Milli Eğitim Bakanlığı'na (MEB) bağlı okullarda görev yapan öğretmenler, son dönemde "norm fazlası" olmanın getirdiği zorluklarla mücadele ediyor. Kadro fazlası durumuna düşen eğitimcilerin en büyük endişesi ise aynı il sınırları içinde, yaşadıkları yerden saatlerce uzaklıktaki ilçelere habersizce ve zorunlu olarak atanmak, yani resen atama.
Bu durum, özellikle aile düzeni kurmuş öğretmenler için ciddi bir mağduriyet yaratıyor. Birçok öğretmen, aile birliğini korumak adına her gün saatlerce yolculuk yapmayı göze alsa da bu sürdürülebilir bir çözüm olmuyor. İşte bu noktada, resen atama belirsizliğinden kurtulmak isteyen eğitimciler için il dışı tayin bir kaçış yolu haline geliyor.
Son yıllarda norm fazlası öğretmenlerin zorunlu atamalardan kurtulmak için en çok tercih ettiği şehir ise İstanbul olarak öne çıkıyor. Türkiye'nin en kalabalık metropolü, aynı zamanda en yüksek öğretmen açığına sahip illerden biri. Bu durum, İstanbul'a tayin isteyen bir öğretmenin norm fazlası olma ihtimalini büyük ölçüde azaltarak bir nevi güvence sunuyor.

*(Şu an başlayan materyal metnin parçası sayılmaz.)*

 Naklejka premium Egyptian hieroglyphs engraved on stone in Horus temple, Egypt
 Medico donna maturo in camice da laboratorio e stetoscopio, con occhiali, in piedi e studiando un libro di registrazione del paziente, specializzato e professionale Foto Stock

Ancak bu tercihin ağır bir bedeli var. Bağımsız kuruluşların verilerine göre, İstanbul'da dört kişilik bir ailenin insanca yaşayabilmesi için gereken aylık gelir 100.000 TL'yi aşmış durumda. Bu yüksek yaşam maliyetine rağmen, özellikle eşi de kamu personeli olan öğretmenler, aile düzenlerini korumak ve resen atama riskinden kalıcı olarak kurtulmak için İstanbul'a gitmeyi göze alıyor. Bu durum, öğretmenlerin yaşadığı çaresizliği ve sistemdeki sorunun boyutunu gözler önüne seriyor.